Why Do So Many Evangelicals Seem to Fear an Honest Discussion? Why the Trend to Dismiss Rather Than Engage?

Why Do So Many Evangelicals Seem to Fear an Honest Discussion? Why the Trend to Dismiss Rather Than Engage? 2015-03-12T17:40:56-06:00

Here’s the level of discourse related to a conservative answer to my new book WHY I AM AN ATHEIST WHO BELIEVES IN GOD: How to give love, create beauty and find peace.

… Read the quotes below. What’s with these guys? Please Explain.

“…a load of excrement… I don’t think I’m going to be able to finish this book… dipped in the sauce of clueless heresy.” (Amazon review By strannik “strannik” Campbell, CA USA)

“I am not going to read this book…The title alone drives me a bit batty. ” (DKeane123 Comment Section of Religion Dispatches)

“Frank Schaeffer is… wrapped in an ego trip, inside a deception.” (Ron Henzel Comment Section of Religion Dispatches)

“…nothing more than secular humanism with a christian-based church face.” (Abide Comment Section of Religion Dispatches)

 

In case you are wondering what kind of book so provokes these folks here’s a quote from the book from Chapter 26:

I was shuffling forward in the communion line, with Lucy in my arms. I was lost in gloomy thoughts, brooding on my past and on my doubts, my failures, and my meanness to Genie when I was young, stupid and so woefully controlling. I was feeling that going to church was a waste of time. I was feeling unworthy in every sense of the word and sinking into a gray depression.

Lucy and Jack are always in and out of my arms in church as they have been since they were born. So I’d actually forgotten I was holding her. (These days I hardly know how to be in church without a grandchild riding on my hip.) With my head bowed and my eyes closed I shuffled forward to the chalice to receive the “body and blood” through a ritual I don’t comprehend and that seemed entirely pointless that day.

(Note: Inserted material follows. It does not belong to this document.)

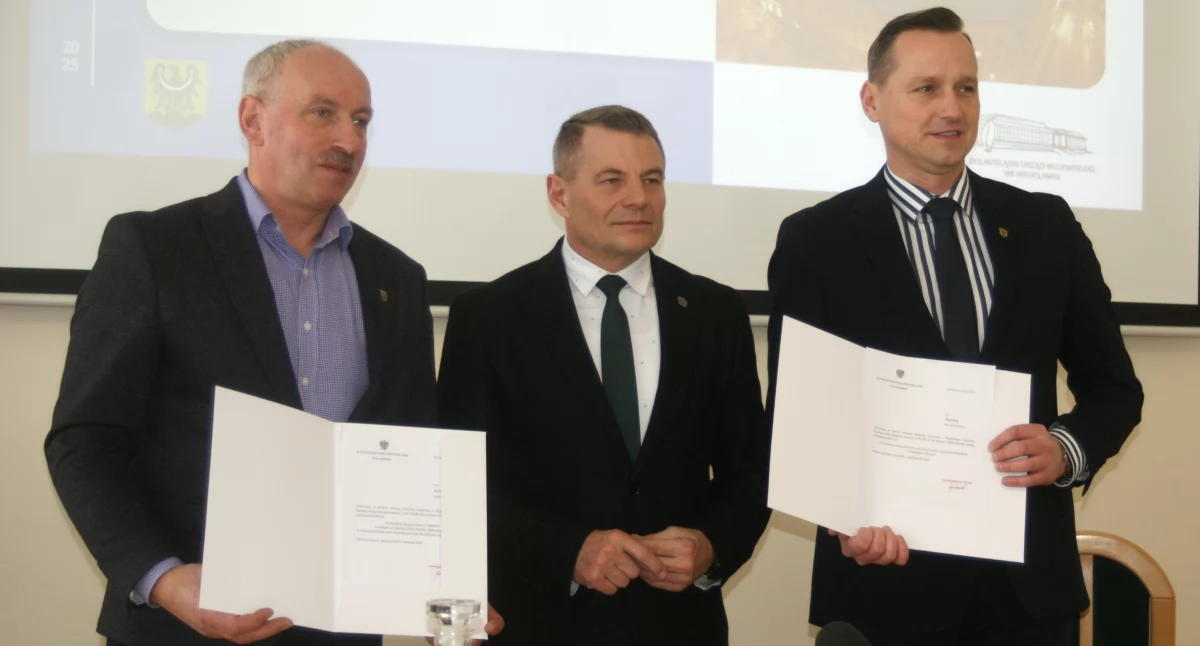Rząd sfinansuje gminom przebudowę dróg - w 100 procentach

I was adrift in my melancholy. Then I felt the touch of Lucy’s hand on my face and—startled—opened my eyes.

It took me a moment to remember where I was. Lucy was gazing into my face. She wasn’t smiling, just gazing at me in that straightforward way that only a child achieves: with serious concentration and offering me a transparent “look” that had no agenda. She wanted nothing from me. All I saw in Lucy’s expression was unconditional trust. All I saw was a child who knows me now and who never expects anything but kindness from me. She did not know of my past sins, failings and bitter self-accusing regrets. Lucy was not judging me. I was accusing myself while she was just gently touching her Ba’s cheek, checking to see why my eyes were closed.

Lucy inclined her head and kissed me. This thought crashed into my brain: I am being seen as I’d like to be perceived, not as I see myself. I have seen the face of God.